A critical analysis of modification effects on nanostructured TiO2-based photocatalysts for hydrogen production

Abstract Photocatalytic reforming of hydrocarbon is a promising alternative for producing renewable hydrogen. Compared with the conventional thermochemical processes used for hydrogen production, photocatalytic reforming offers the advantages of using the vast abundance of solar energy resources and the affordable, nontoxic photocatalysts for hydrogen production. Besides, the constraints of catalyst deactivations and the high thermal energy required for steam production are avoided in the photocatalytic reforming processes.
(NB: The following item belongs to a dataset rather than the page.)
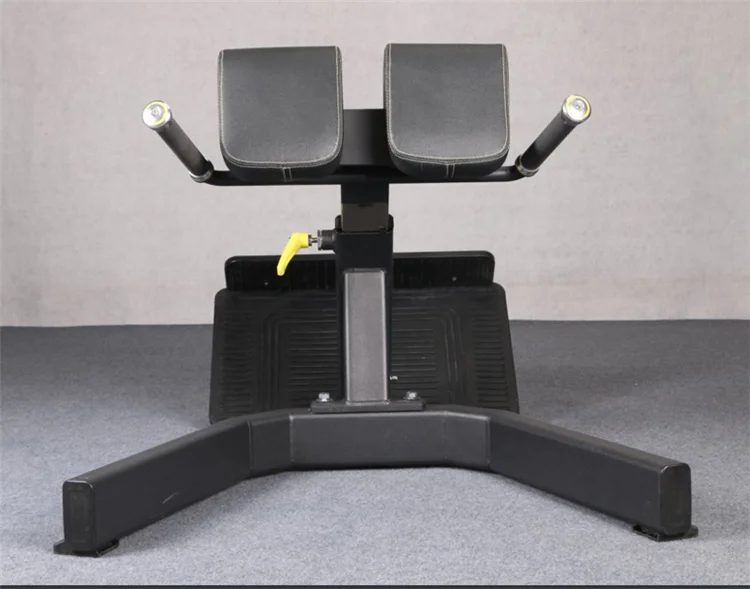 Commercial Home Gym Use Extension Roman Chair Multi-Functional Bench for Full All-in-One Body Workout Adjustable Ab Sit up Bench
Titanium dioxide (TiO2), a readily available photocatalyst, has gained wide acceptance as a photocatalytic materials used for hydrogen production because of its excellent physicochemical properties. The modification of the TiO2 nanostructure with various dopants or cocatalysts has been proven to improve its properties and enhance the rate of hydrogen production. This chapter presents the analysis of selected literature on the modification effect on nanostructure TiO2-based photocatalysts used for hydrogen production. Noble metals such as platinum (Pt) and ruthenium (Ru) were found to significantly enhance the photocatalytic activity of TiO2 nanostructure. Besides, nonnoble metals such as Ni and Cu used as dopants or cocatalysts were also found to influence the properties of TiO2 during photocatalytic hydrogen production. The mechanisms of the photocatalytic hydrogen production are strongly dependent on the nature of the photocatalysts as well as the sacrificing agent used.